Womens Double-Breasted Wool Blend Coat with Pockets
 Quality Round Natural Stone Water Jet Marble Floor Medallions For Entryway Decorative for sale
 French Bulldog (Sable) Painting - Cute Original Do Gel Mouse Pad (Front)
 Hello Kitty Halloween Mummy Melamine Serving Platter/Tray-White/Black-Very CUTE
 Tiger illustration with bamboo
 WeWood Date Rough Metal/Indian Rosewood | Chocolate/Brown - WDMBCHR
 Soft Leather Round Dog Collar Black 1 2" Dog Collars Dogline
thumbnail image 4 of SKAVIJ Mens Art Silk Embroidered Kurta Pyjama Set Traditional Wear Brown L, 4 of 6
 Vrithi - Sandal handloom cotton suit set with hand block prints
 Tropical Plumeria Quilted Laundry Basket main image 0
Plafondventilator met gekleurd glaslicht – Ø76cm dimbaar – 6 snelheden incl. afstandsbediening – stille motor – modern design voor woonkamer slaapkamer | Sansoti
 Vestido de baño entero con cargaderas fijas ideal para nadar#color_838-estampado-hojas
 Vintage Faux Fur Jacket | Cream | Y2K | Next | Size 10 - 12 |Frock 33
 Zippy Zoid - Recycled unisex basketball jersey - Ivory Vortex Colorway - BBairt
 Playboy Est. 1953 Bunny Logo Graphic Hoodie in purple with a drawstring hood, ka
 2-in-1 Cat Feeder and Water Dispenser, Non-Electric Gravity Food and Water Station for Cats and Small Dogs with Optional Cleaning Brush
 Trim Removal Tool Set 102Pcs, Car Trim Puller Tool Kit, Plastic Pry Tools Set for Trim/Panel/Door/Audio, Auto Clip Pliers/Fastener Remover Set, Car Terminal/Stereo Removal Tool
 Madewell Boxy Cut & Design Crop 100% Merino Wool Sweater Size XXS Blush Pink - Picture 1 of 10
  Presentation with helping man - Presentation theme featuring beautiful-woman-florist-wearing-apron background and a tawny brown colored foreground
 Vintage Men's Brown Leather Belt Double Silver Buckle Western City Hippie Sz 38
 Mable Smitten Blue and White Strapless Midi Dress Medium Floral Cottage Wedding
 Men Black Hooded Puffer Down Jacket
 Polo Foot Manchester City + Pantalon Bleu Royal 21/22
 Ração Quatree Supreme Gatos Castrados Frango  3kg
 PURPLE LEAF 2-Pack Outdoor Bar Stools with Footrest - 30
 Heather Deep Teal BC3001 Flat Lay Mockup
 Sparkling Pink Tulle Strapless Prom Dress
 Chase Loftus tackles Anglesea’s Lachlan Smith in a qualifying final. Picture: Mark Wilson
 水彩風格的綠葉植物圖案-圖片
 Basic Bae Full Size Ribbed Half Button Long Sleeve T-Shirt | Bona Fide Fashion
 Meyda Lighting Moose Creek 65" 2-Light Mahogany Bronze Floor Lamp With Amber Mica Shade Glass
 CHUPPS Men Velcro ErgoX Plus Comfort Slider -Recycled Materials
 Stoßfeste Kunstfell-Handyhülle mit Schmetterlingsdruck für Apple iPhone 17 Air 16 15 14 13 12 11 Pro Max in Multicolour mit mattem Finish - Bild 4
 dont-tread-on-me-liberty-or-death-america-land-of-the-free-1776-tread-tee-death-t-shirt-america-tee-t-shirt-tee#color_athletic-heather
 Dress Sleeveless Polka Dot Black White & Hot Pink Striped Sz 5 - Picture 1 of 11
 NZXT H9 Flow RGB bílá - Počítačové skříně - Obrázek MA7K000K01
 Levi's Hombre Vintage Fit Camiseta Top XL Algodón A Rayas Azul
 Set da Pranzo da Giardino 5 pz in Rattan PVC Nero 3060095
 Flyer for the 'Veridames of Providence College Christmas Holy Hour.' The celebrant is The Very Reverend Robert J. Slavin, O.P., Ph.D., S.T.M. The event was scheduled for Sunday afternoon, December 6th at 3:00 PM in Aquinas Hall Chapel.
================
• Work required:
Your answer should be the lines of the listing above between the line holding "Vintage Faux Fur" and the line holding "Ração Quatree Supreme", inclusive, restated word for word and alone.

• Exercise result:
 Vintage Faux Fur Jacket | Cream | Y2K | Next | Size 10 - 12 |Frock 33
 Zippy Zoid - Recycled unisex basketball jersey - Ivory Vortex Colorway - BBairt
 Playboy Est. 1953 Bunny Logo Graphic Hoodie in purple with a drawstring hood, ka
 2-in-1 Cat Feeder and Water Dispenser, Non-Electric Gravity Food and Water Station for Cats and Small Dogs with Optional Cleaning Brush
 Trim Removal Tool Set 102Pcs, Car Trim Puller Tool Kit, Plastic Pry Tools Set for Trim/Panel/Door/Audio, Auto Clip Pliers/Fastener Remover Set, Car Terminal/Stereo Removal Tool
 Madewell Boxy Cut & Design Crop 100% Merino Wool Sweater Size XXS Blush Pink - Picture 1 of 10
  Presentation with helping man - Presentation theme featuring beautiful-woman-florist-wearing-apron background and a tawny brown colored foreground
 Vintage Men's Brown Leather Belt Double Silver Buckle Western City Hippie Sz 38
 Mable Smitten Blue and White Strapless Midi Dress Medium Floral Cottage Wedding
 Men Black Hooded Puffer Down Jacket
 Polo Foot Manchester City + Pantalon Bleu Royal 21/22
 Ração Quatree Supreme Gatos Castrados Frango  3kg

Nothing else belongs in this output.